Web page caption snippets
┌──
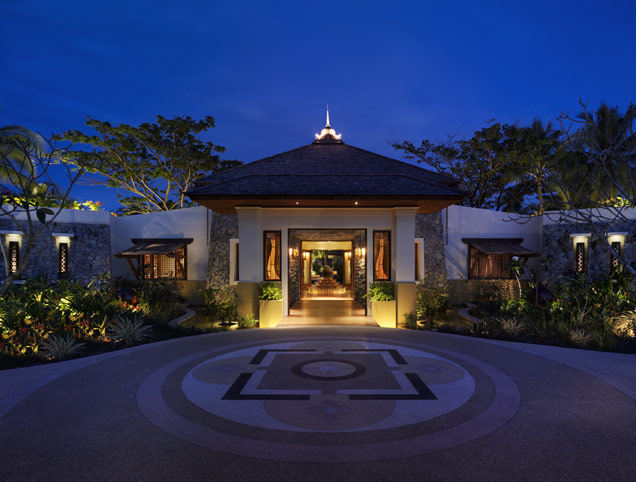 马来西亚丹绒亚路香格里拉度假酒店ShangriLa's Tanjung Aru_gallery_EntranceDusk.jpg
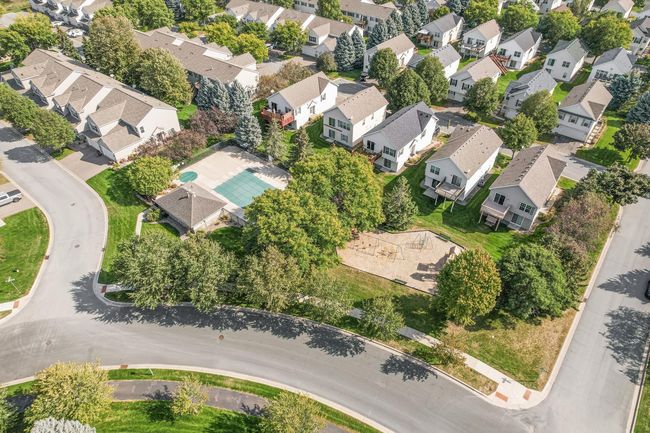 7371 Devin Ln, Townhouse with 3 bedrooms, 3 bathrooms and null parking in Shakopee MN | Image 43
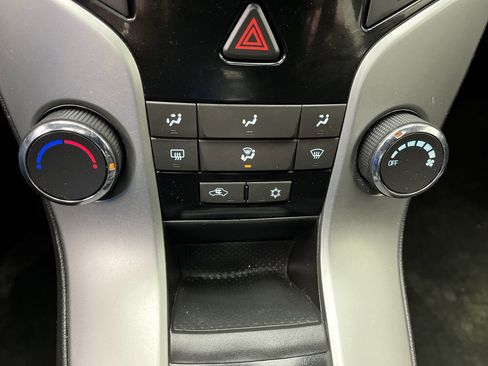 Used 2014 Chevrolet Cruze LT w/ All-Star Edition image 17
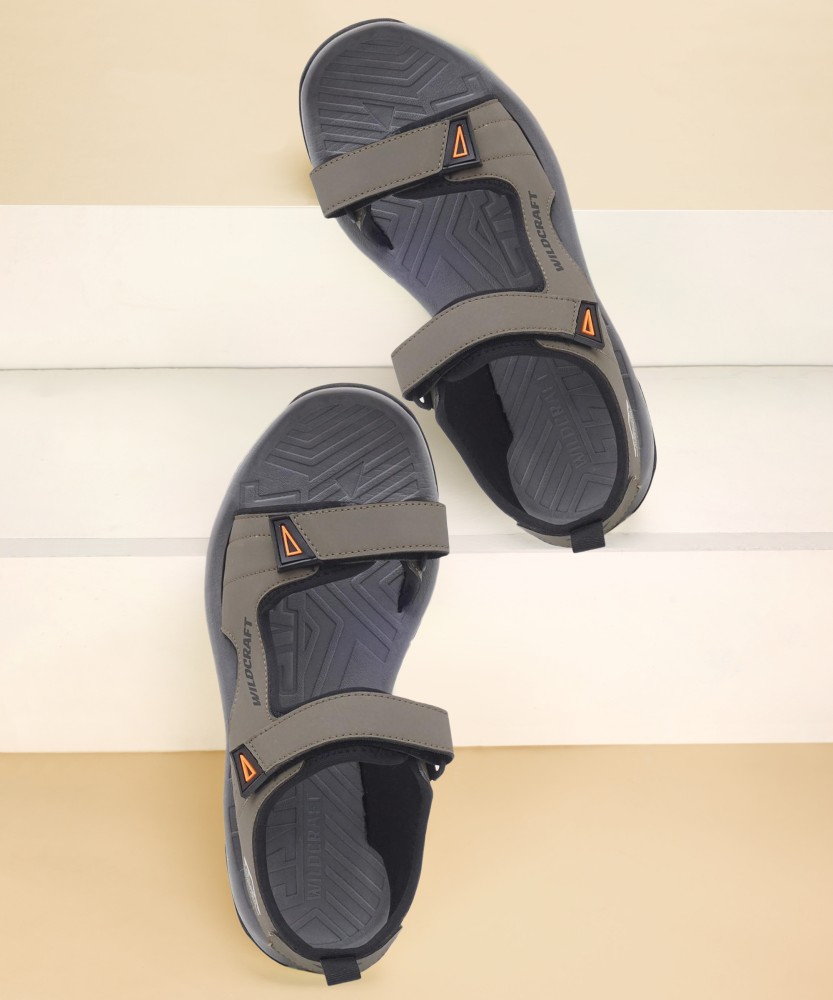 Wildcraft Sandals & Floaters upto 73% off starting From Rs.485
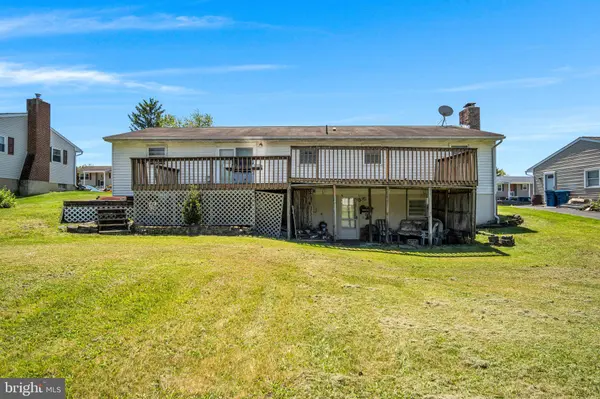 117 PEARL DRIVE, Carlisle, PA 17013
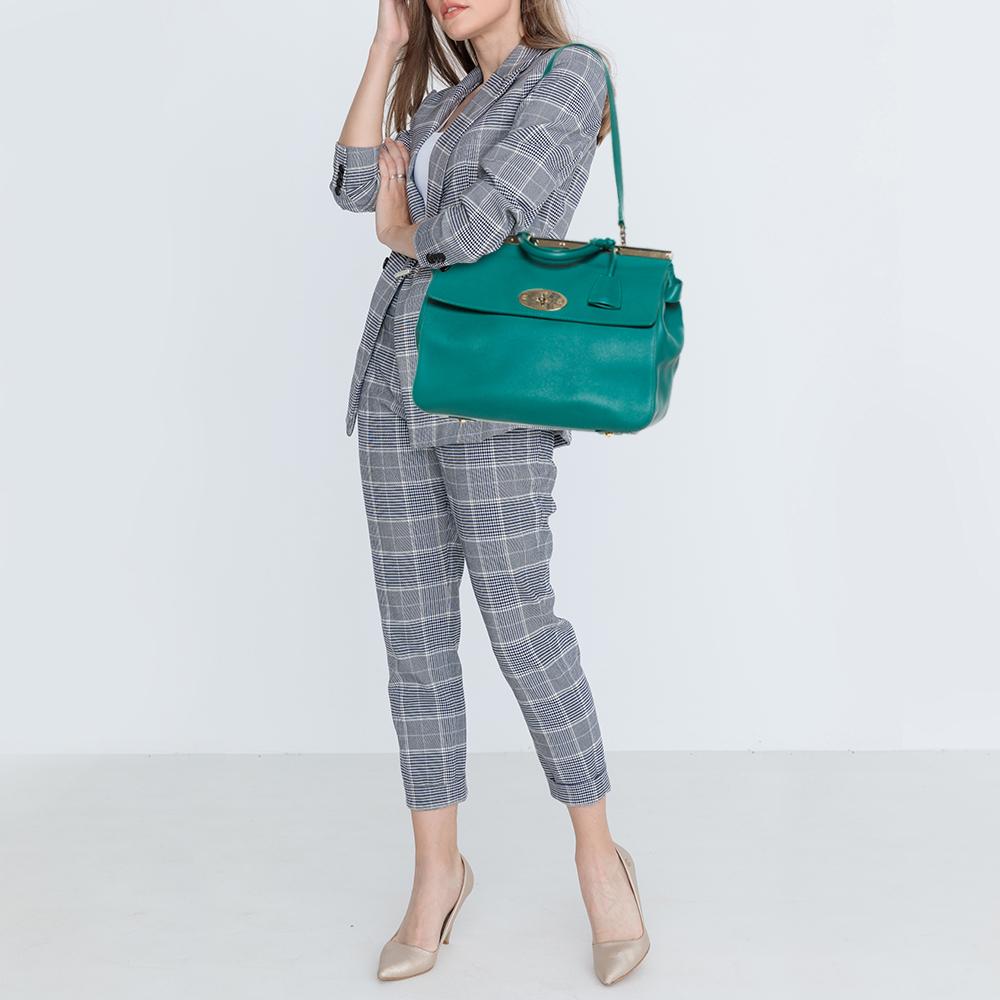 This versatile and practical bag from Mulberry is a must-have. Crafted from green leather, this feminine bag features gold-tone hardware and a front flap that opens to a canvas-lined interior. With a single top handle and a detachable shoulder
└──
> Exercise:
Your answer must be a verbatim copy of the entries above, with no images included.

> Output:
 马来西亚丹绒亚路香格里拉度假酒店ShangriLa's Tanjung Aru_gallery_EntranceDusk.jpg
 7371 Devin Ln, Townhouse with 3 bedrooms, 3 bathrooms and null parking in Shakopee MN | Image 43
 Used 2014 Chevrolet Cruze LT w/ All-Star Edition image 17
 Wildcraft Sandals & Floaters upto 73% off starting From Rs.485
 117 PEARL DRIVE, Carlisle, PA 17013
 This versatile and practical bag from Mulberry is a must-have. Crafted from green leather, this feminine bag features gold-tone hardware and a front flap that opens to a canvas-lined interior. With a single top handle and a detachable shoulder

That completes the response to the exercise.